Z amerykańskich parkietów wiało nudą

opublikowano: 2004-02-09 22:09

Mimo emocji związanych z coraz liczniejszymi transakcjami fuzji i przejęć, poniedziałek na Wall Street przebiegł bardzo spokojnie. Rynku nie ożywił ani euforystyczny raport George W.Bush’a na temat gospodarki, ani efekty spotkania G-7. Niemrawo może być aż do czwartku, gdy pojawią się pierwsze istotne dane makroekonomiczne. Wcześniej rynek przyjrzy się wynikom medialnego Viacom i hotelowego Marriotta, które poznamy przed wtorkową sesją.

Amerykańska gospodarka jest silna i staje się jeszcze silniejsza – pisze George W.Bush w rocznym raporcie skierowanym do Kongresu. Dzięki temu, łatwiejsza będzie redukcja deficytu budżetowego, który martwi niektórych ekonomistów i polityków.

Według raportu, pod koniec roku amerykański PKB będzie rósł w 4-proc. tempie. Stopa bezrobocia ma spaść na koniec roku do 5,5 proc. z 5,7 proc. w styczniu. Zatrudnienie w gospodarce wzrośnie w tym roku o 2,6 mln osób wobec spadku etatów o 53 tys. w 2003 r. Raport, odebrany jako element kampanii wyborczej, nie wpłynął na nastroje na Wall Street.

Przełomu nie przyniósł też weekendowy szczyt G-7. Sekretarz Skarbu John Snow powiedział, że uzgodniono kontynuację elastyczności kursów wymiany. Dolar nadal spada, co równoważy pozytywny wydźwięk znacznego ożywienia na rynku fuzji i przejęć, charakterystyczny dla okresu giełdowej hossy.

Na rynku spółek technologicznych ponad 30 proc. wzrostem kursu wyróżnia się NetScreen, który zyskał blisko 40 proc. Spółka zostanie przejęta za 4 mld USD przez Juniper Networks, drugiego na świecie producenta routerów, komputerów kierujących transmisją danych w Internecie. Kurs Juniper spada o kilkanaście procent, bo transakcja będzie przeprowadzona przez wymianę akcji. Jednocześnie wzrosła wycena Cisco Systems, głównego konkurenta Cisco.

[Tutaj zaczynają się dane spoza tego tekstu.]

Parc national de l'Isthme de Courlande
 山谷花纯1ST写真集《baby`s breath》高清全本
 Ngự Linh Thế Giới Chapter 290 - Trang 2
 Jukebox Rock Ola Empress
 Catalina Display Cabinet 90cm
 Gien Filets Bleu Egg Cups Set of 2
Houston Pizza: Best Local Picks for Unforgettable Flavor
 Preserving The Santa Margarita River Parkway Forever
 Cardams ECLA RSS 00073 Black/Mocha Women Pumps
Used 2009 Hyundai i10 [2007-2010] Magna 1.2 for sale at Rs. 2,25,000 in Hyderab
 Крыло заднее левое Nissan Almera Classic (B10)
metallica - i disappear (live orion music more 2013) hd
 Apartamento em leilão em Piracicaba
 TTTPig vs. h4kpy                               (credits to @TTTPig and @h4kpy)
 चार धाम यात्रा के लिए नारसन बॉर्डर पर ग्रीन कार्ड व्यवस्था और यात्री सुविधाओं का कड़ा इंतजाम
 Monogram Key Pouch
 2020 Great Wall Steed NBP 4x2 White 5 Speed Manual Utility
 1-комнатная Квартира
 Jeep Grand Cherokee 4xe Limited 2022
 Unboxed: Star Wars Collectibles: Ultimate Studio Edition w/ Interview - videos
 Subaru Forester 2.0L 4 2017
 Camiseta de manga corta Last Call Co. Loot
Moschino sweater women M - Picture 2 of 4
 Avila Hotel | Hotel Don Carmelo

Wśród blue chipów spadkiem wyróżniał się SBC Communications. Prawdopodobnie wiąże się to z potwierdzeniem przez brytyjski Vodafone iż rozważa on złożenie oferty przejęcia AT&T Wireless. Nieoficjalnie mówi się, że wcześniej uczynił to Cingular Wireless, joint venture SBC i BellSouth. Inwestorzy obawiają się, że ewentualna rywalizacja o trzeciego amerykańskiego operatora komórkowego podniesie jego cenę ponad szacowane obecnie 30 mld USD.

Nieznacznie spadała wycena PeopleSoft i Oracle. Władze pierwszej z tych spółek odrzuciły podwyższoną do 9,4 mld USD ofertę przejęcia, złożoną w ubiegłym tygodniu przez Oracle.